O Globo
Chegamos a um ponto em que só Lula e Bolsonaro mobilizam os eleitores. Sem os dois no páreo, abre-se uma imensa gama de alternativas ao eleitor brasileiro
Levar milhões de pessoas às ruas ficou difícil depois que a moderna tecnologia possibilitou contar com exatidão as grandes manifestações. Os bolsonaristas dizem que 1 milhão estiveram presentes na manifestação da Avenida Paulista a favor da anistia, mas os números verdadeiros sugerem que havia entre 45 mil e 60 mil manifestantes.

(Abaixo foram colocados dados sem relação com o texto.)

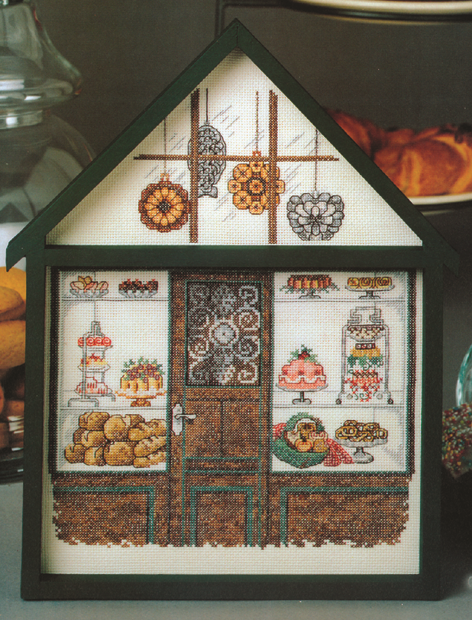 Bagerforretning broderi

Pela visão dos vídeos do pico de presença, era gente que não acabava mais. Os números podem enganar, mas não é possível nem ao mais fanático petista negar que Bolsonaro é o único líder político hoje capaz de colocar tanta gente na rua, com a convocação pelas redes sociais.

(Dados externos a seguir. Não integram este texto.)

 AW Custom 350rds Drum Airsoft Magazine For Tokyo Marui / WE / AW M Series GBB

O aparente fracasso da manifestação anterior,
em Copacabana, não significou que o bolsonarismo houvesse refluído, mas algum
erro de convocação aconteceu. Mesmo assim, houve mais gente no Rio que na
manifestação contra a anistia promovida pelo líder do PSOL Guilherme Boulos em
São Paulo. Desde que os sindicatos perderam o subsídio obrigatório recebido dos
associados, perderam igualmente a capacidade de mobilizá-los, que dava à CUT e
ao PT a aparência de controlar as manifestações populares.

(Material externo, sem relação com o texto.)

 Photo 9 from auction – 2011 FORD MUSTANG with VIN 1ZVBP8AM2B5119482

Quando não se podia contar com precisão
pessoas presentes nas ruas, falar em Passeata dos Cem Mil contra a ditadura
militar era uma maneira de realçar a grandiosidade da manifestação,
especialmente naquele momento em que recrudescia a opressão. Hoje, não dá mais
para negar se uma manifestação flopou. A demonstração de força da Paulista, no
entanto, não quer dizer que a pressão popular tenha força para obrigar os
parlamentares a aprovar a anistia aos presos da tentativa de golpe do 8 de
Janeiro.
Não parece haver disposição para comprar mais
uma briga com o Supremo Tribunal Federal (STF), sobretudo uma briga perdida,
pois é óbvio que, aprovada a anistia no Congresso, o Supremo decidirá que ela é
inconstitucional. É uma briga indesejada, a não ser para os fanáticos
bolsonaristas, que jogam na anistia a possibilidade de Bolsonaro ser liberado
para disputar a eleição presidencial de 2026. No entanto anistia restrita aos
punidos pela tentativa de golpe não anularia a decisão do Tribunal Superior Eleitoral
(TSE) de torná-lo inelegível, tomada devido a abuso de poder político e uso
indevido dos meios de comunicação na campanha presidencial de 2022.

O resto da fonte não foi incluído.